**Exercise:** All entries below are to be returned exactly, with pictures left out.

**Dataset:**
--- --- ---

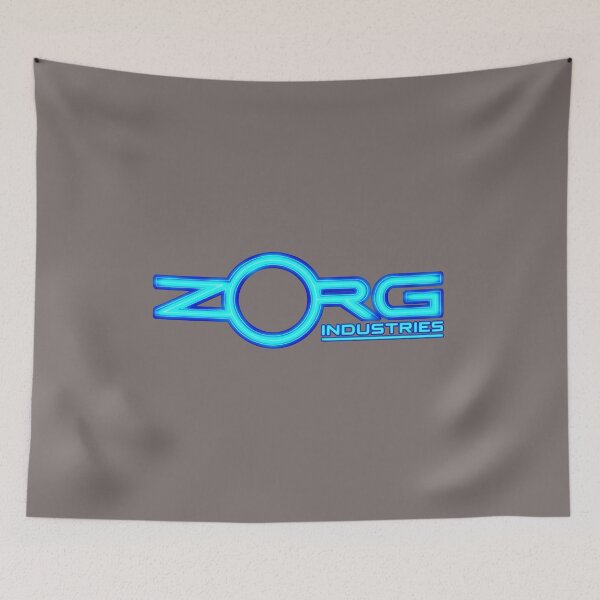 Item preview, Zorg Industries - The Fifth Element designed and sold by Presents For The Dead.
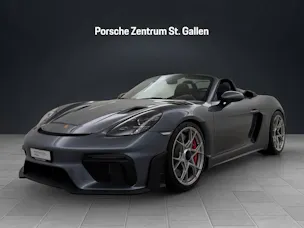 Porsche 718 Spyder RS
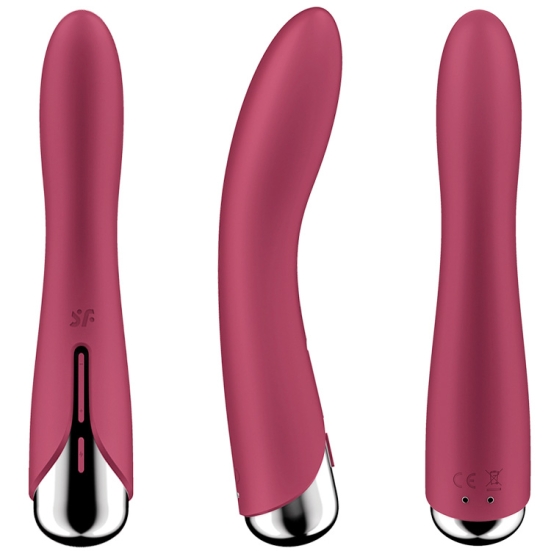 Вибратор Satisfyer Spinning Vibe 1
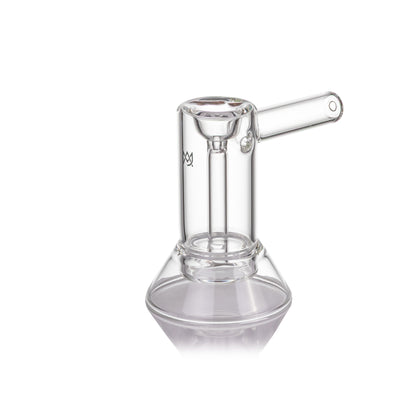 Cove Ergonomic Glass Bubbler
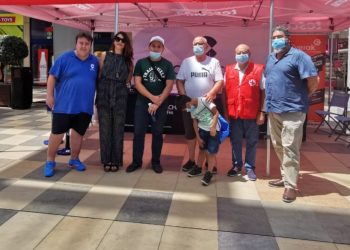 Castellana Properties y Habaneras se suman al programa ‘Promoción del éxito escolar’ de Cruz Roja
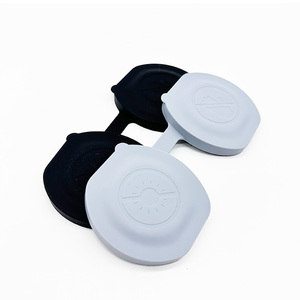 Protector de Lentes y <span class=keywords><strong>Gafas</strong></span> de Silicona para PS VR2 - A Prueba de Polvo, Reutilizable, Antideslizante, Resistente al Sudor, Tacto Mejorado, Color Personalizable - Product Image 4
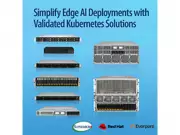 Supermicro Launches Validated Kubernetes Edge AI Appliances with Red Hat and Everpure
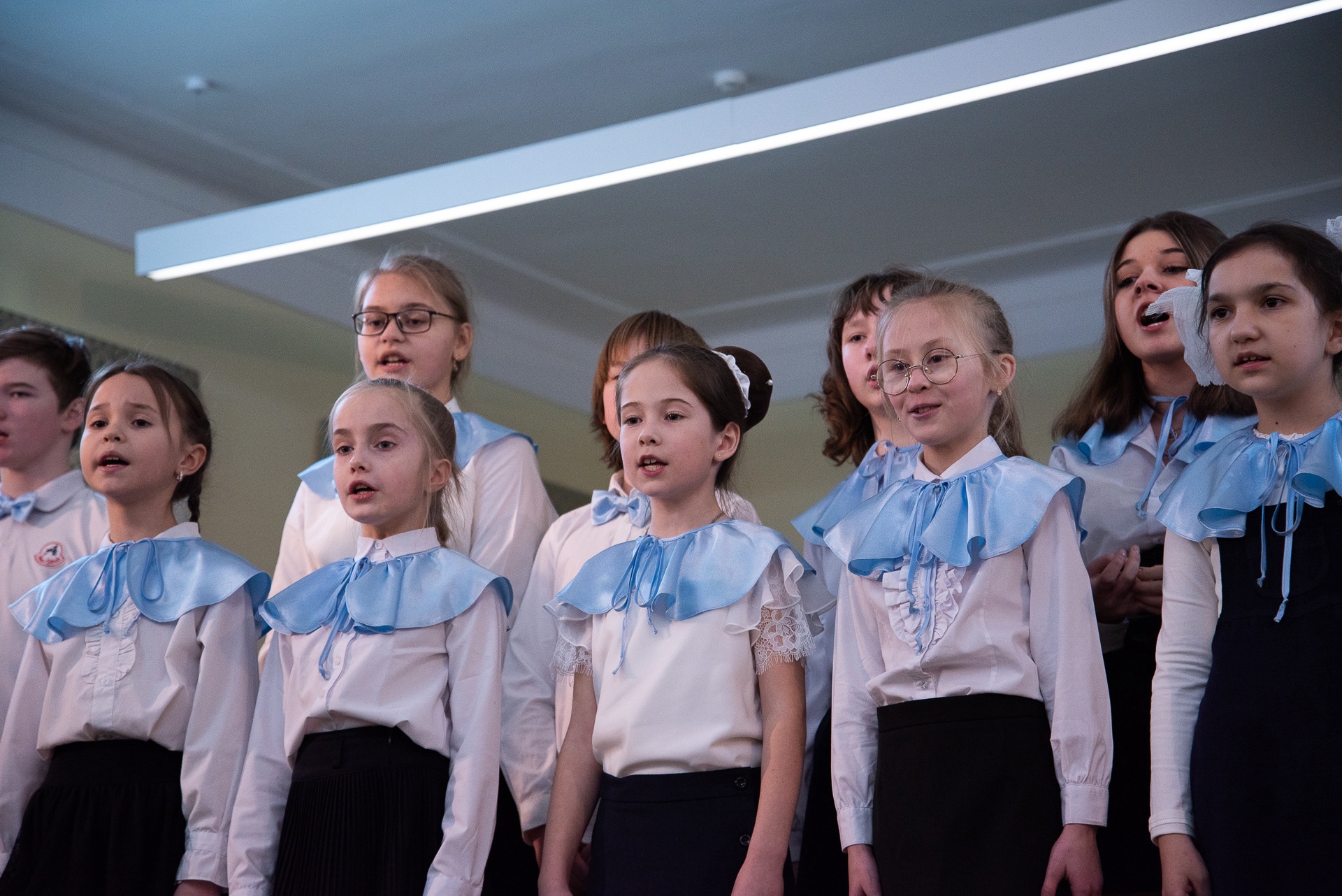 Хор Детской музыкальной школы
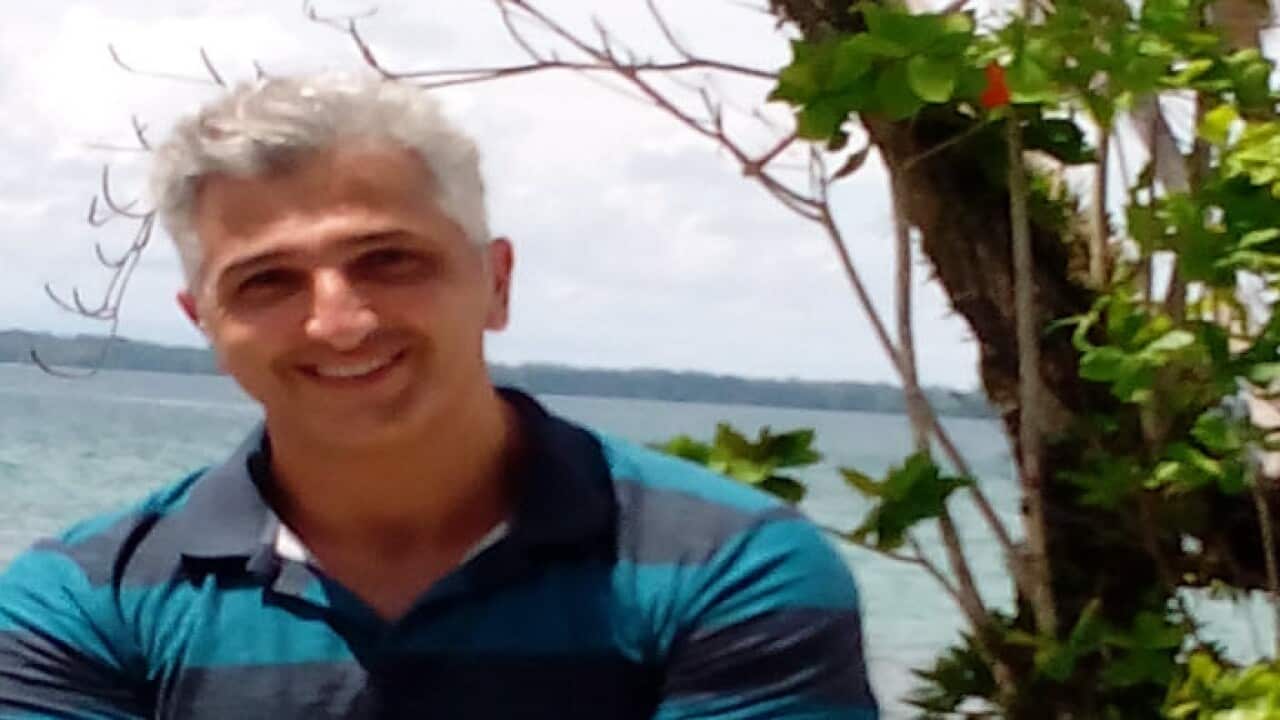 رضا محمدنژاد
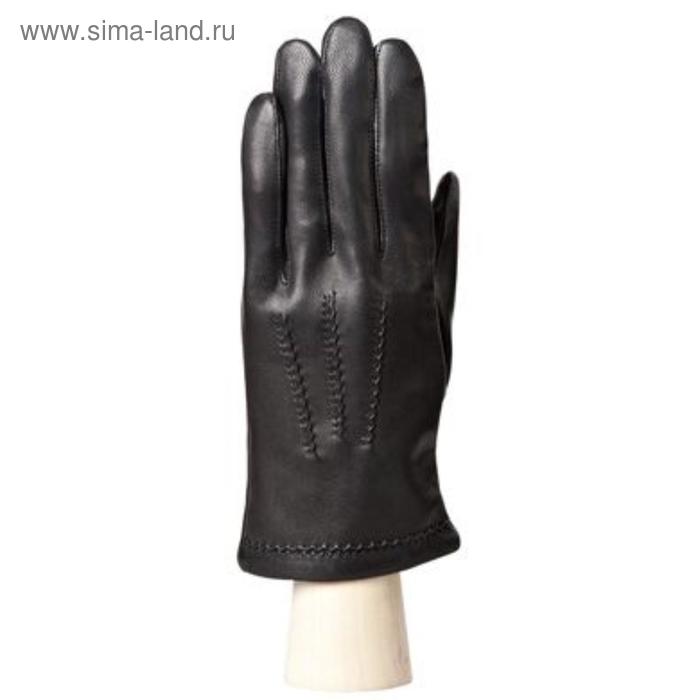 фото Перчатки мужские п/ш lb-0703 цвет черный, размер 8.5 labbra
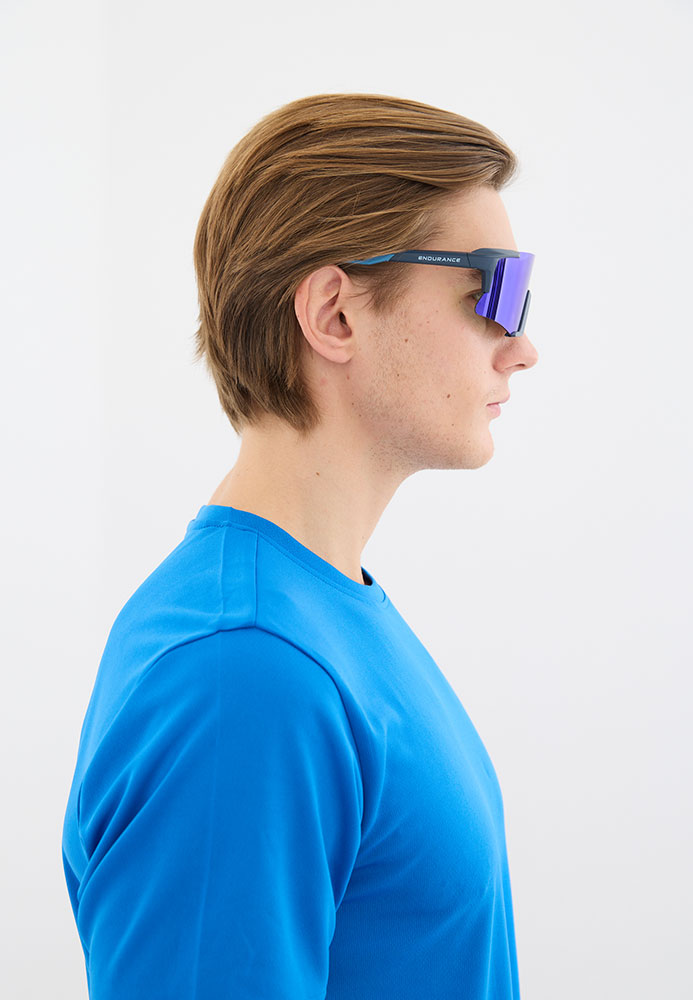 Wouter Half-Frame - Gafas deportivas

--- --- ---

**Task response:**
 Item preview, Zorg Industries - The Fifth Element designed and sold by Presents For The Dead.
 Porsche 718 Spyder RS
 Вибратор Satisfyer Spinning Vibe 1
 Cove Ergonomic Glass Bubbler
 Castellana Properties y Habaneras se suman al programa ‘Promoción del éxito escolar’ de Cruz Roja
 Protector de Lentes y <span class=keywords><strong>Gafas</strong></span> de Silicona para PS VR2 - A Prueba de Polvo, Reutilizable, Antideslizante, Resistente al Sudor, Tacto Mejorado, Color Personalizable - Product Image 4
 Supermicro Launches Validated Kubernetes Edge AI Appliances with Red Hat and Everpure
 Хор Детской музыкальной школы
 رضا محمدنژاد
 фото Перчатки мужские п/ш lb-0703 цвет черный, размер 8.5 labbra
 Wouter Half-Frame - Gafas deportivas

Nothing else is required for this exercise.